__What needs to be done__
Only a number is wanted here: the number of lines of the data that include "five".

(Stored data)
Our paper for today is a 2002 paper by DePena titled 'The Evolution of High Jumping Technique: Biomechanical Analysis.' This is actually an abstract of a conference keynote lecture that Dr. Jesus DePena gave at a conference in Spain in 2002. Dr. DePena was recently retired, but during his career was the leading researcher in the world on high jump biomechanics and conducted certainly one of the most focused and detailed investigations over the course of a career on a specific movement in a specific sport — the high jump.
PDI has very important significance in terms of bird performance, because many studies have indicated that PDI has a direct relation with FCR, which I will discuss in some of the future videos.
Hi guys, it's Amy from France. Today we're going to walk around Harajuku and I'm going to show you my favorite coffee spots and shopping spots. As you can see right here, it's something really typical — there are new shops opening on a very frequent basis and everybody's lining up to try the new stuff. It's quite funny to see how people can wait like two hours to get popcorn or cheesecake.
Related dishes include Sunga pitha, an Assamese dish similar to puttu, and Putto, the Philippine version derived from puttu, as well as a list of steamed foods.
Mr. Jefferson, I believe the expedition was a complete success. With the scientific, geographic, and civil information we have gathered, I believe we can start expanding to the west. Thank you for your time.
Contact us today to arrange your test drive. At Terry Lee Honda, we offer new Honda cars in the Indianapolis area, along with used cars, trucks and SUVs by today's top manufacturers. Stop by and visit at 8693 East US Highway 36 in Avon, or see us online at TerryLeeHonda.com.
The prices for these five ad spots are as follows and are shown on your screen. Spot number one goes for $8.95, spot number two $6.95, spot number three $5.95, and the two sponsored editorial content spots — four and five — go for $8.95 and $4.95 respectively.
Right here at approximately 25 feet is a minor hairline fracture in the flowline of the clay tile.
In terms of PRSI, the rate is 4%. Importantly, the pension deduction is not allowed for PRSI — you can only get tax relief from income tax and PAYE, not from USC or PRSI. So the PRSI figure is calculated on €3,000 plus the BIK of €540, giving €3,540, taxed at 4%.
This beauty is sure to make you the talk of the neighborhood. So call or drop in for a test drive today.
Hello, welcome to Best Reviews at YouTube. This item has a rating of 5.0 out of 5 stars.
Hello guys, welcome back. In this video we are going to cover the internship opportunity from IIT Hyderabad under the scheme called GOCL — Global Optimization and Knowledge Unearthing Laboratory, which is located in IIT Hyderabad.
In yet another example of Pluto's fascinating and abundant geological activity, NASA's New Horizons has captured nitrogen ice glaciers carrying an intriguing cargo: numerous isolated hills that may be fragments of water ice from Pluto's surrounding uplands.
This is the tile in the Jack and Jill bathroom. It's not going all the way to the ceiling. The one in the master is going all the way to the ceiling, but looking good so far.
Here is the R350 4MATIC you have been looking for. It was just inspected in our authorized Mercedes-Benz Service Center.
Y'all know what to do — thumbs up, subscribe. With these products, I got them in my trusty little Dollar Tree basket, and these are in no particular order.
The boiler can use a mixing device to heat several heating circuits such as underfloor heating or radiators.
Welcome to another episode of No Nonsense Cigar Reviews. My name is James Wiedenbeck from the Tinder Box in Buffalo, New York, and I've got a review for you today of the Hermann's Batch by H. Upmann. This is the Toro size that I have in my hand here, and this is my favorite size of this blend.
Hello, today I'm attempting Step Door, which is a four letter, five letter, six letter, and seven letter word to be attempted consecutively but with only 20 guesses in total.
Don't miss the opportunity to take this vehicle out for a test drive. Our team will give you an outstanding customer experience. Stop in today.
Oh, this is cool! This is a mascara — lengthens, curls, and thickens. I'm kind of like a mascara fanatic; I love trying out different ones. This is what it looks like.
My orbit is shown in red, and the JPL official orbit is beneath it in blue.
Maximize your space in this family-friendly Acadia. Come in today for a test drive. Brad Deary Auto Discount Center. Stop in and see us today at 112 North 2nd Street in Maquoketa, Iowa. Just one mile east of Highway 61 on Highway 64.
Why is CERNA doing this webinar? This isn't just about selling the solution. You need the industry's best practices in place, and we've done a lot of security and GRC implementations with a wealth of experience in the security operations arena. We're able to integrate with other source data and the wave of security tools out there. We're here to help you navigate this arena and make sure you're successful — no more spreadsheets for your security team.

__Task result__
2